Banks view deposits with them as 'Liabilities', and money people owe to them as 'Assets', for a multitude of reasons, interest & charges being a couple. It would be a fairly screwy world if we were all paying to save, and it exceeded the interest gained. Unless the benefits outweighed the losses in the form of insurance, favourable deals and the like... but even that sounds like yet another way to obfuscate the true costs. Also, see: Utilities companies; National Insurance; Sales; Service Charges; Stamp Duty, CRBs, ad nauseum.
It would be a fairly screwy world if we were all paying to save
Saving rate is negative or around zero in this country - way too many people live from pay cheque to another very close to slipping into ovedraft. This means they don't keep anywhere near enough in bank account to make up for fixed costs of having it.
If you have a current account, in credit, then that is money the bank is holding. So you'd be paying them to profit from your money.

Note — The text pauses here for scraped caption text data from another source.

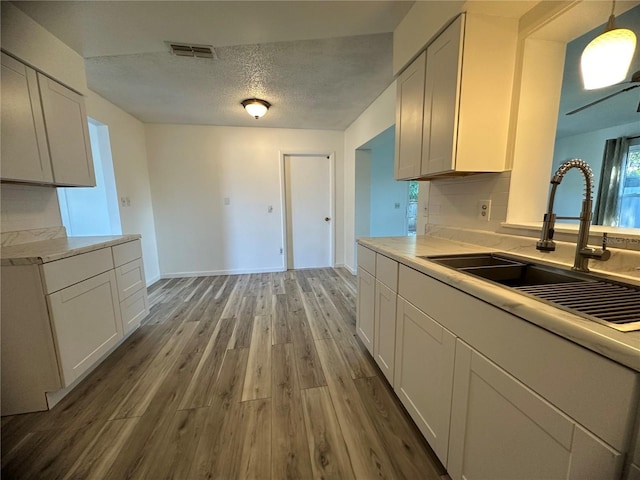 kitchen with decorative light fixtures, white cabinetry, light hardwood / wood-style floors, and sink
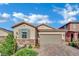 Charming single-story home with stone accents, desert landscaping, and a two-car garage at 708 Kibbey St, Las Vegas, NV 89178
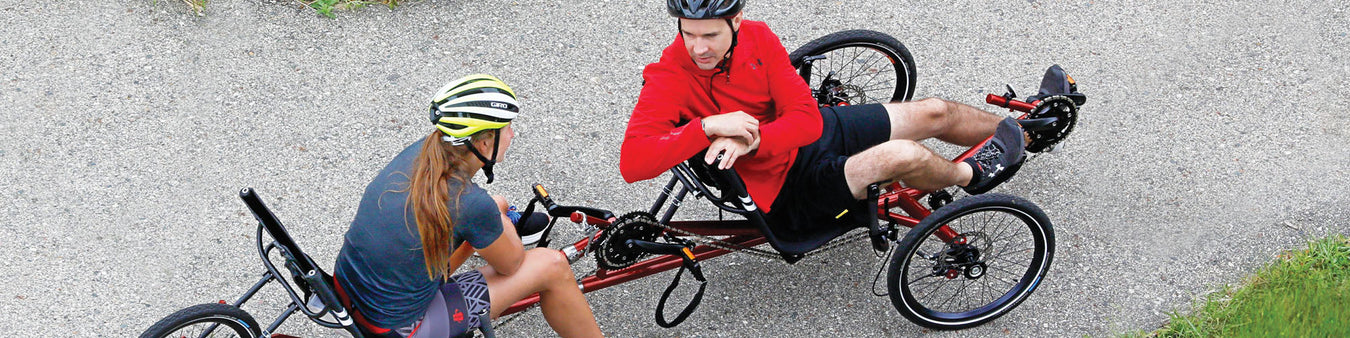 Two riders on a tandem recumbent trike stop to have a chaton the bike trail.
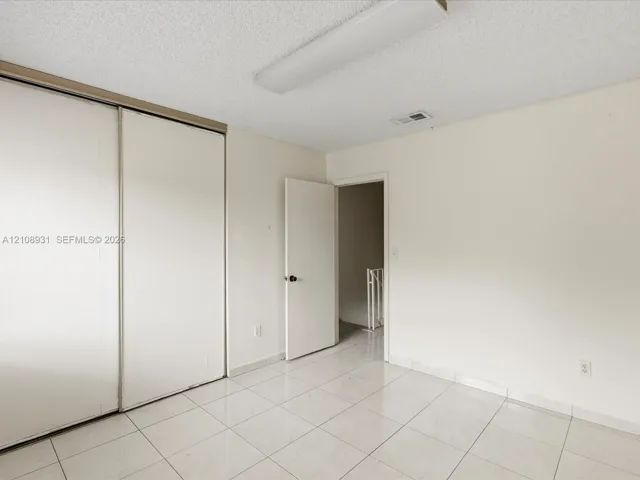 Room featuring ceramic tile flooring, neutral walls, and a large reach-in closet with sliding doors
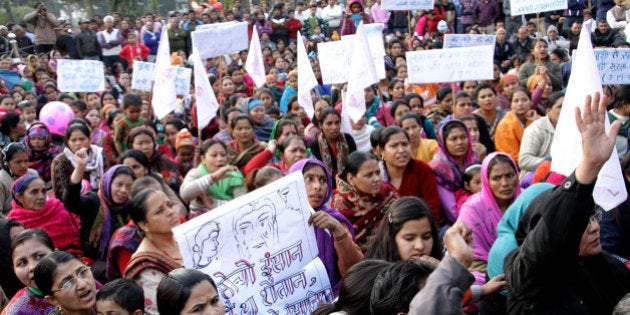 ROHTAK, INDIA - FEBRUARY 8: Civil society members headed by two Nepalese organisations conducting candle march, demanding speedy investigation into the gang rape and murder of a mentally challenged woman at Mansarovar park, on February 8, 2015 in Rohtak, India. Police say they are investigating the case and that they will catch the guilty soon. The candle light vigil also protested the perceived inaction of the police in the case, given that no arrests have been made after the victim was found dead in a field near Bahu Akbarpur village. The woman's body was found without key organs along with sticks, stones and condoms stuffed into her private parts three days after she went missing. (Photo by Manoj Dhaka/Hindustan Times via Getty Images)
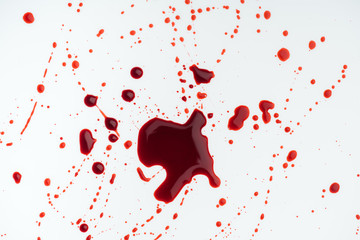 top view of white surface covered with blood droplets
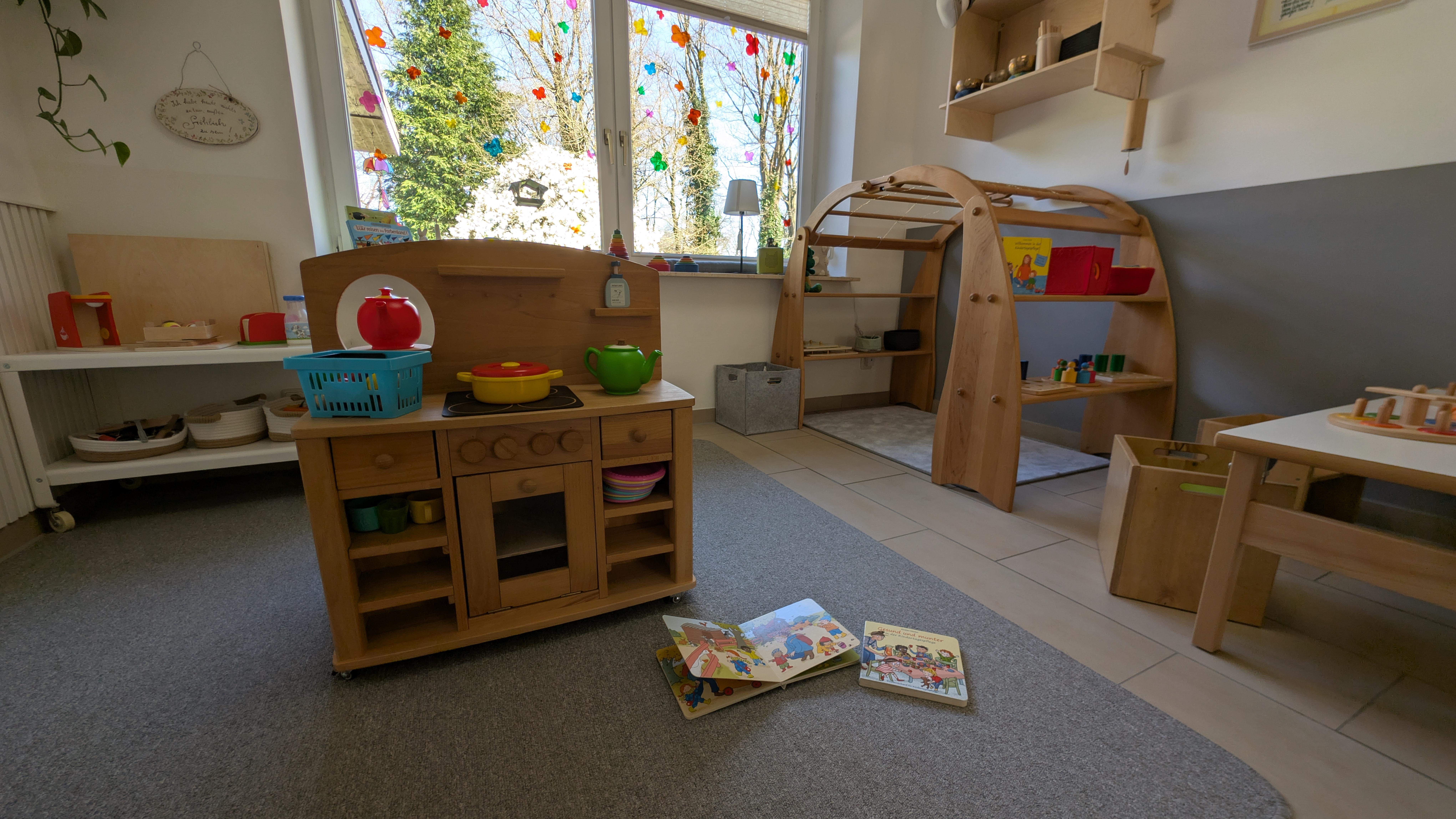 Kinderfreundlicher Spielbereich mit Holzküche, Lernmaterialien und natürlichen Spielzeugen für entwicklungsförderndes Spielen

Banking has changed beyond recognition over the past 40 years grandad.
The banks don't make money from savers, these days they make it from the borrowers and they don't need the savers any more to be able to service the borrowers.
Just hold on here a minute! We print a load of money and capitalise the banks with it. The banks then have bought the UK's debt with it. So we own our own debt then? So (in theory) we could just cancel it. Job done!
But considering the banks have their hands up the puppets in no.10, not likely to happen.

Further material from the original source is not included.